While some things haven't changed. Like my love life...actually that's not entirely true. I have and still am learning to love myself. Taking care of me first has been something I'm slowly discovering isn't a bad thing. Although I still have the biggest love for a certain special someone I now know how to even keep myself from being tangled in that web.
Now for my new love. Yep its what has inspired me to blog and run home and create. The power to take something from my imagination and put it on canvas is still very amazing to me. I mean I can give some credit to my parents but GOD himself is in me.
In my head I walk around with theme music. I want to put on cute artsy clothes. Its all I want to discuss with my clients and friends. However I now feel I a real need to sharpen my skills and get some formal training. Perhaps even a mentor in the art world. There are so many things to learn. I'm learning some hard lessons now. They say those real life experiences are the best ones to learn.
Then there are the times I can't get out of my head with all the ideas from what my next piece is going to look like to where should I live to be closer to an artsy urban environment.
I've been searching for some grant money online.

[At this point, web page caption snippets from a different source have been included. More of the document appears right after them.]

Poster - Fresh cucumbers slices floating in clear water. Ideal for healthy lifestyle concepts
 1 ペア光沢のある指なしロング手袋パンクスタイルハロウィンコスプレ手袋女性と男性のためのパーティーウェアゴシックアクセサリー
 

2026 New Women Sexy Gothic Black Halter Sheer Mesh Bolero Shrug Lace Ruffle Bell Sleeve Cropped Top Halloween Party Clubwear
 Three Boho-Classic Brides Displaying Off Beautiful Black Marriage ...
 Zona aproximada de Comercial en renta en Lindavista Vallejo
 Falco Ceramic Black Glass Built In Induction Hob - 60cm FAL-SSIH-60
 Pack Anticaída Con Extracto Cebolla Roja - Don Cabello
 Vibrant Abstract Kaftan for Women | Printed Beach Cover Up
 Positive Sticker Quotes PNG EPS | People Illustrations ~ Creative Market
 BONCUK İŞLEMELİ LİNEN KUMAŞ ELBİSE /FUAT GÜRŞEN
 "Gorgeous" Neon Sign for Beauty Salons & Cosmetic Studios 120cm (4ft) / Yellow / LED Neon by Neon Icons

I want to get my Associates degree in fine arts at Corcoran School of The Arts at the Corcoran Museum. I want to work on some really great pieces, so by the early spring I can start going to some Galleries to get some representation. However in the mean time I need to get some good pieces done so that I can have my own exhibition by mid October.
I'm even ready to start making the transition from the salon to my home. I figure with the high rent and scheduling my own appointments, I might as well. Of course still keeping it very posh and professional. Also staying up on the trends and education.
All this must still be in order with God has in store for me. So I must pray and sit still and listen.
I just have a very unshakable optimistic outlook on what greatness is about to unfold in this new direction my life is going in.